Neocon Norman Podhoretz - What Say The Founder of the Movement?
"In recent months, we have been bombarded with reports of the death of the Bush Doctrine. Of course, there have been many such reports since the doctrine was first promulgated at the start of what I persist in calling World War IV (the cold war being World War III). Almost all of them were written by the realists and liberal internationalists within the old foreign-policy establishment, and they all turned out to resemble the reports of Mark Twain’s death—which, he famously said, had been “greatly exaggerated.” Nothing daunted by this, the critics and enemies of Bush are now at it yet again.
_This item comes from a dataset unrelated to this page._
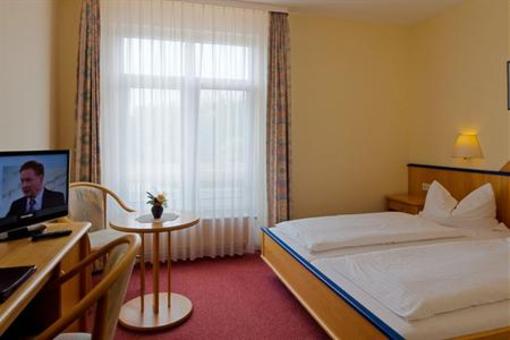 фото отеля Sporthotel Malchow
This time, however, their ranks have been swollen by a number of traditional conservatives who were never comfortable with the doctrine bearing his name and who have now moved from discomfort to outright opposition."
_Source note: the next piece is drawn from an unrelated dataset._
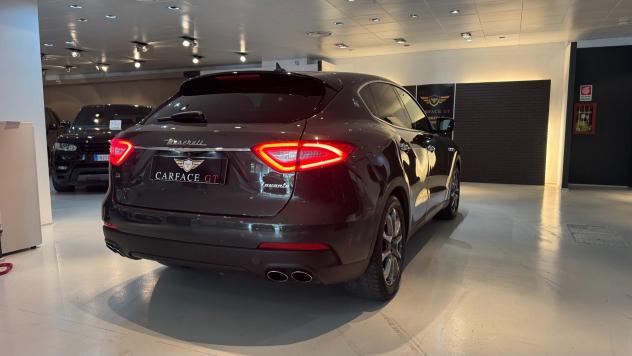 MASERATI LEVANTE 350CV 3.0B - 2018 - Foto 4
"Not only that, but by openly identifying Hizballah as a creature of Iran and Syria, he has demonstrated that he has not forgotten what he had come to realize early on: that the conflict between Israel and the Palestinians cannot be understood in isolation from the larger context of the war that the Arab/Muslim world has been waging to wipe the Jewish state off the map, literally since the day it was born."
"Robert Kagan—a neoconservative who has not given up on Bush—puts this well in describing the negotiations as “giving futility its chance.” Kagan also entertains the possibility that the negotiations are not merely a ploy on Bush’s part, and that his “ideal outcome really would be a diplomatic solution in which Iran voluntarily and verifiably abandoned its [nuclear] program.” However that may be, once having played out the diplomatic string, Bush will be in a strong political position to say, along with Senator John McCain, that the only thing worse than bombing Iran would be allowing Iran to build a nuclear bomb—and not just to endorse that assessment but to act on it."
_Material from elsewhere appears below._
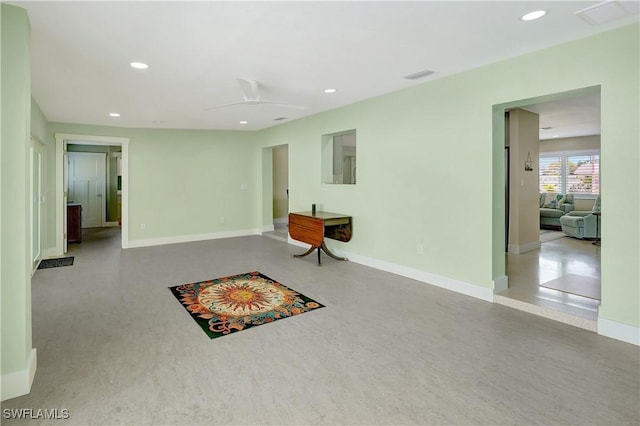 living area featuring visible vents, baseboards, a ceiling fan, and recessed lighting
"...Even after 9/11, many pooh-poohed the threat of Islamofascism and, seeing its terrorist weaponry as merely a police matter, denied (and continue to deny) that we were even really at war, much less in a new world war. But Bush understood that Islamofascism was “the heir of all the murderous ideologies of the 20th century”—an aggressive totalitarian force that, like Nazism and Communism before it, could only be defeated through a worldwide struggle. It was a struggle that, in its duration and in its mix of military and non-military means, would bear a greater resemblance to World War III than to World War II. But it also carried novel features with which containment had not been designed to cope. Out of these twin understandings, Bush promulgated his own doctrine, and out of that doctrine came the new military strategy of preemption and the new political strategy of democratization."